「栄光に伴ったのは大きすぎる犠牲~ビョルン・アンドレセンの名声とその後」世界で一番美しい少年 Misaさんの映画レビュー(感想・評価)
栄光に伴ったのは大きすぎる犠牲~ビョルン・アンドレセンの名声とその後
子どもの時、あるいは若いときに分からなくても、後になって分かることというのがある。それはやはり人生や世間といったことが分かってくることもあるし、何十年も後になって「事の真相」が関係者から明かされることもあるからだ。
『ヴェニスに死す』のタッジオについてのことも、それに相当した。私は映画を観ないわけではないしヴィスコンティの名前くらいは知っていたが、その作品に精通しているとか熱狂的なファンであるとかではなかった。しかし、昨年の雑誌記事において、異色作と言われた、少年愛を扱った竹宮惠子さんの『風と木の詩』の主人公の美少年ジルベールのモデルがタッジオを演じたビョルン・ドレドレセンだったと知ったとき、なぜだか急に「腑に落ちた」。あの、白黒のペンの線で表されただけにしては肌の透明感があり、金髪や反抗的な目つきもリアルなキャラクターには、背後にちゃんと人間のモデル、すなわちビョルンがいたのである。なんだか裏切られたような、幻想が醒めるような気分を味わった。
さらには、映画『世界で一番美しい少年』作中にはあの『ベルばら』の作者・池田理代子さんが登場し、オスカルのモデルもビョルンだったという。『ベルばら』の方が『風木』に先行しているが、当時(少女)マンガ界は一種の排他的な世界を形成していたのだと思う。そのなかを吹き荒れた熱狂の「嵐」だったのだろうか。
ビョルン・アンドレセンという美貌ながらわずか15歳の少年が、ヴィスコンティの名画となり、なおかつ間接的に『ベルばら』『風木』といった大人気作を産んだというのは驚くに値する。さらに、映画作中に描かれているように、ビョルンは来日して歌を録音したり、テレビCMに出演したりもしている。もちろん波及効果はそれだけではないに違いない。
しかしこうした栄光、富の力に比して彼自身はあまりに悲惨な体験をし、惨めな人生を送ってきている。それを関係者は十分に理解しているのだろうか? もう「起こってしまったこと」であり、映画も制作され、マンガも描かれ・・・であるが(そして私もこれを書いている)、ビョルンという一個人の多大な犠牲がなければ、これらはあり得なかったことなのである。

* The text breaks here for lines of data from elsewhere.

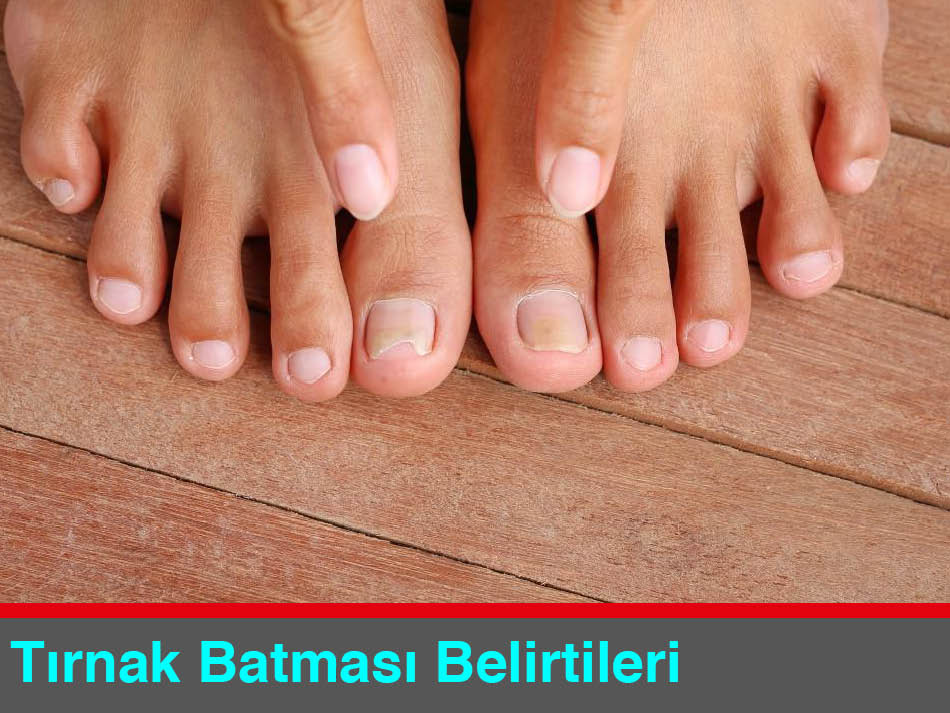 Tırnak Batması Belirtileri Nelerdir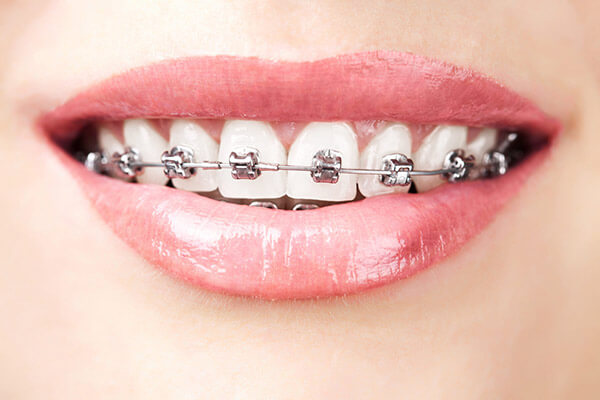 ortodonti diş teli tedavisi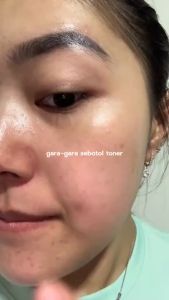 GLAD2GLOW - G2G 2% Centella Ceramide Super Sooting || Blackberry AHA BHA PHA || Propolis 5% Hyaluronic Acid Toner Cerianti Lynn Design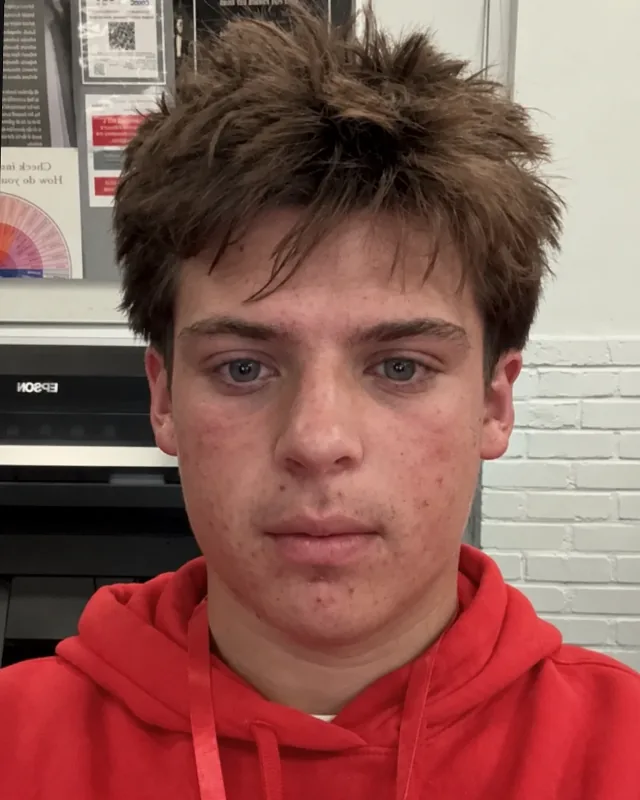 Gunner’s face transformation before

映画作中にあるように、ヴィスコンティにオーディションの際「服を脱げ」と言われたときに、ためらったそのこころのままに断っていたならば、『ヴェニスに死す』『ベルサイユのばら』『風と木の詩』すべてなかったかもしれないのである。(それでもほかの方法で名作、人気作、名声、富はもたらされたであろうが・・・)そして、多分そうあるべきだったのだろう。
あるいはビョルン自身も感じたらしいように、彼の母が生存していれば、また彼を庇うなり、疑問を投げかけてくれるなりする人がいて、事態の展開は違ったのかもしれない。
今日の「子どもの権利」的感覚で言えば、ビョルンが体験した一連の出来事は、子どもの意思といったものに対するかけらの敬意も「お伺い」もない。あったのはただ大人の欲望や利権だけである。そのために一人のティーンエイジャーの子どものこころと身体は蹂躙され、引き裂かれたのだ。
この作中に映されているような本人状態-すなわち構わない部屋、火元を管理しないこと、うまく行かない恋人との関係、また過去の、父親としての責任を取れなかったことなどは彼の生い立ちを考えれば何の不思議もない。心理学的に言えば、彼の人生には数々の喪失やトラウマがあるからだ。まず、父親を知らなかったこと、いなかったこと。若くして母親の不在期間があり、また母親を失ったこと。祖母に利用されたこと。ヴィスコンティに利用され、またそのクルーに性的に搾取されたこと、などである。
これだけあれば何十年経ってもうつ、不安、PTSDなどに悩まされるのはある意味当然、と言ってもよい。
通常、たとえば演劇学校などに行ってから映画に出たりするものだと思われるが、ビョルンの場合、逆である。名声は得られたとは言え、俳優に「なりたかった」というよりは運命によって「させられた」と言った方がよい。そのため彼はあとから演劇学校に行ったようだ。
この映画について友人と会話していたとき、今だったら#MeTooで許されないよね、という話が出てきた。こうした過去の栄光や過ちというのはどういう風に処理されればいいのだろうか? 美や芸術のためであれば、多大な犠牲があったり、一個人の尊厳が踏みにじられていいのだろうか? とてもそうは思えないが、「どこまで?」 答えの出ない気持ちで取り残された。